If that fund isn’t legally available, he said the state would have to pursue General Fund options such as asking for the cash from the Interim Finance Committee’s Contingency Fund.
He said he would rather avoid dipping into limited contingency money in case of a big fire season next year or other emergency.
Mohlenkamp said his other concern at this point is to make sure better reporting is in place to see potential arbitrage penalties coming and prevent them.
That’s not the only financial flap Mohlenkamp’s office is working through with the Public Works Board. Treasurer Kate Marshall Thursday issued a letter to Public Works Manager Gus Nunez questioning why he reverted $8.2 million in unspent bond money from 2008, “without notice to my staff.” Staff analysts caught the deposit two weeks later but Marshall charged that if Public Works had reported the unspent money before the end of the Legislature, lawmakers could have reauthorized it for some badly needed maintenance projects in the state.
She pointed out in the letter that the Board of Finance recently issued $29 million in bonds for maintenance work, to which that $8.2 million could have been added.
Nunez, however, said public works reverts money to the treasurer’s office every year and has never reported it to the treasurer’s staff.
“There is no process set up for us to report on this in the past,” he said. “We close projects each year and revert any money.”

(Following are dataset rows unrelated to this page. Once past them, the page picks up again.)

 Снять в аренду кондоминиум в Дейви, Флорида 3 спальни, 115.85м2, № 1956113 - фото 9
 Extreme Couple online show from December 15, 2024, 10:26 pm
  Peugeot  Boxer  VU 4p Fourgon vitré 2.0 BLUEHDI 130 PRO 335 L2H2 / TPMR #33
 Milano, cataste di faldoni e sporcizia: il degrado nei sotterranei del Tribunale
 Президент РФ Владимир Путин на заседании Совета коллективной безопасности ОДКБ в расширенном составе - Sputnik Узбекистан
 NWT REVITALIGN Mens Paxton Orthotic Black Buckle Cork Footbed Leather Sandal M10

Nunez also pointed out that the $8.2 million amounts to less than 2 percent of the more than $500 million in bonding committed to projects in the 2005 and 2007 budget cycles.
“It looks like a lot of money now when we only have a $30 million budget but what it means is we mis-estimated projects by 2 percent,” he said. “I don’t know how accurate you can be.”
He said it’s a much tinier percentage when you consider that the state’s total CIP for 2005 and 2007 came to $1.2 billion.
Nunez said his office can report to the treasurer when it reverts money and why in the future
Wallin said part of the problem is that Public Works is supposed to spend bond, federal and other money first, using General Fund money last on any project. She said public works hasn’t been monitoring that.
Nunez said that’s in part because his computer system doesn’t say what pot of money is being used to pay bills on a given project. He said that problem needs to be fixed.
Marshall and Wallin said their issue is that the money could have helped create more construction and maintenance jobs either in state service or private industry.
“They should have known certainly in May before the end of the fiscal year that they had $8 million in unspent bond revenues that could have been reauthorized,” said Marshall. “That money is jobs.”
But only the Legislature can reauthorize it to a different use.